Lot of Kali helmet dealers...








built in mount for light or camera


----------



## TwoTone (Jul 5, 2011)

Make sure that mount is a break away! You don't want that thing digging in and twisting you neck in a bad way


----------



## fondoo (Sep 5, 2012)

what about the poc trabec helmets??


----------



## Burt4x4 (Feb 21, 2013)

too bad nowere has all these crash hats in one place to try & buy...

I found an LBS that would deliver a 661Recon with no obligation to buy...gonna go by there tomorrow...
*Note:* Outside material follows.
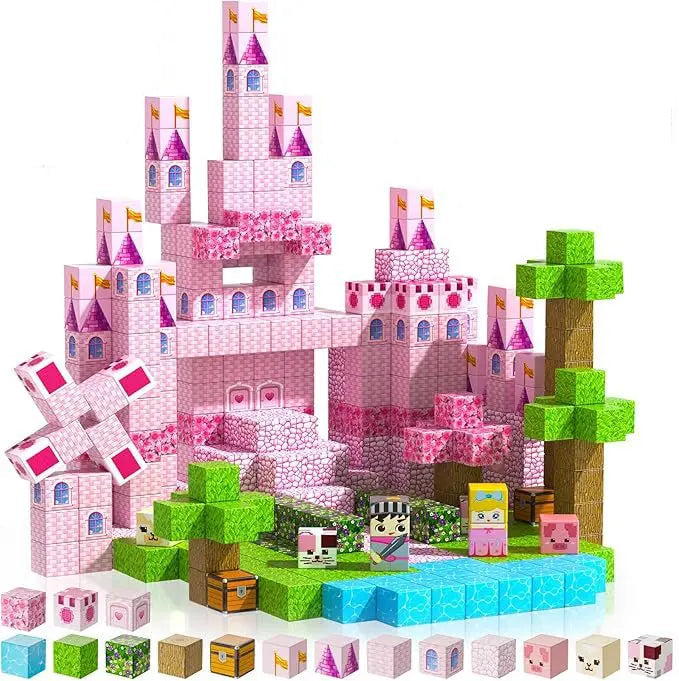 Pink castle building block set 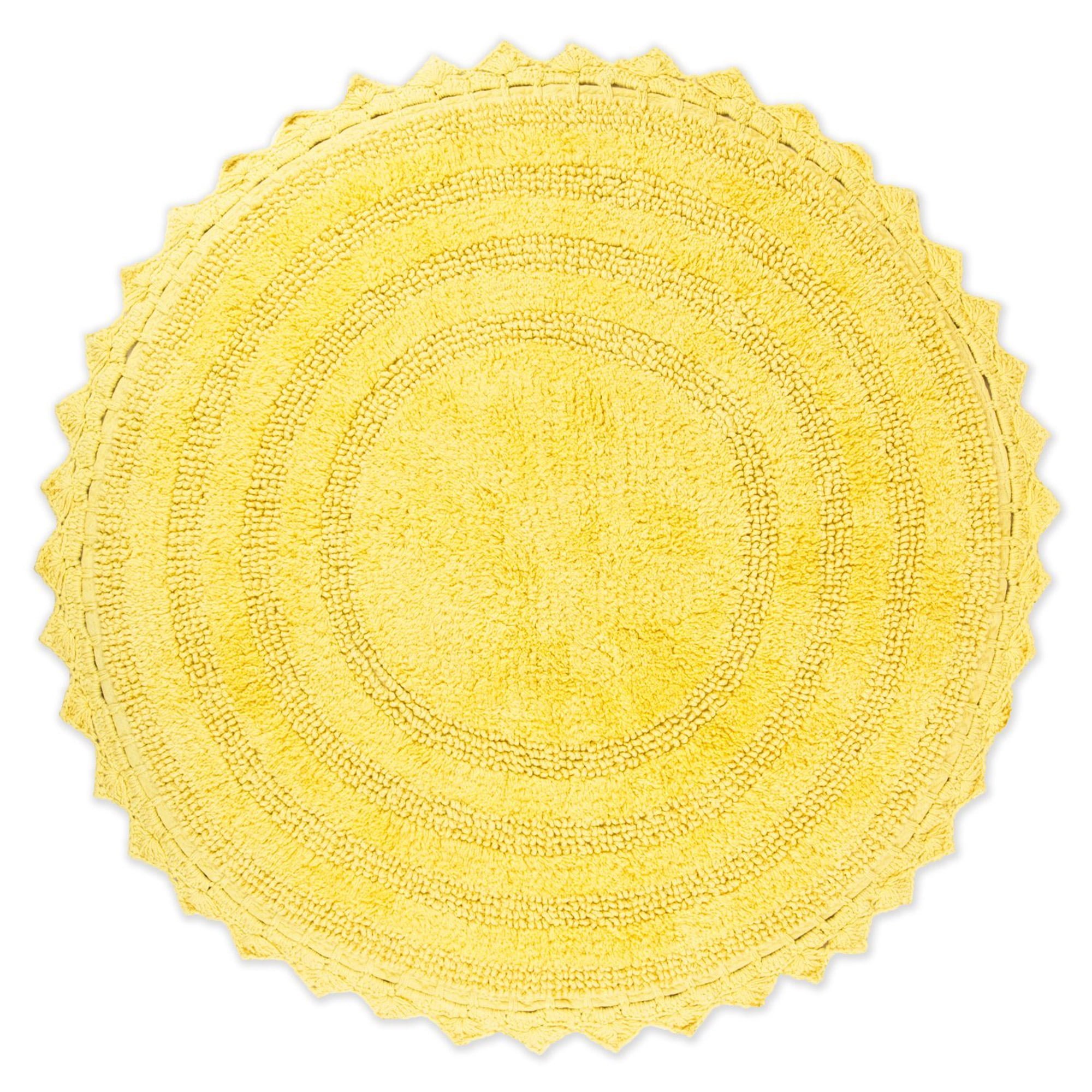 Design Imports Yellow Round Crochet Bath Mat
Any Kali users out there?? not much review on thoes fellas??


----------



## Burt4x4 (Feb 21, 2013)

TwoTone said:


> Make sure that mount is a break away! You don't want that thing digging in and twisting you neck in a bad way


Yaa for real egh! Thanks...I guess having your night light on the bar MAY be better for that reason. I don't ride at night or video so not too hooked on the mount feature...maybe a few years down the road I do that LOL let my grey hair grow hella long and be a crazy MTB old guy LOL
Ok too much beer...LOL


----------



## wabiker3576 (Feb 1, 2005)

TwoTone said:


> Make sure that mount is a break away! You don't want that thing digging in and twisting you neck in a bad way


Yes , it is a breakaway


----------



## bob13bob (Jun 22, 2009)

That poc helmet looks to lack cooling.

sent from one of my 4 gold leafed iphone4s's


----------



## Burt4x4 (Feb 21, 2013)

Yah it's closer to a BMX or "dirt lid"...on my lunch hour I'm a gonna drive around to the various LBS aound here..I'm almost tempted to just buy the 661 online and well if for some reason me no liky I send it back. Takes all the fun outa finding holding then buying though and I'll have to wait...no rush I guess..never had a helmet in 45 years what's the rush egh? LOL

More Coffeee


----------



## Treyness (Feb 24, 2013)

Burt4x4 said:


> View attachment 776391
> 
> Giro Feature
> I like that...test fit searching now...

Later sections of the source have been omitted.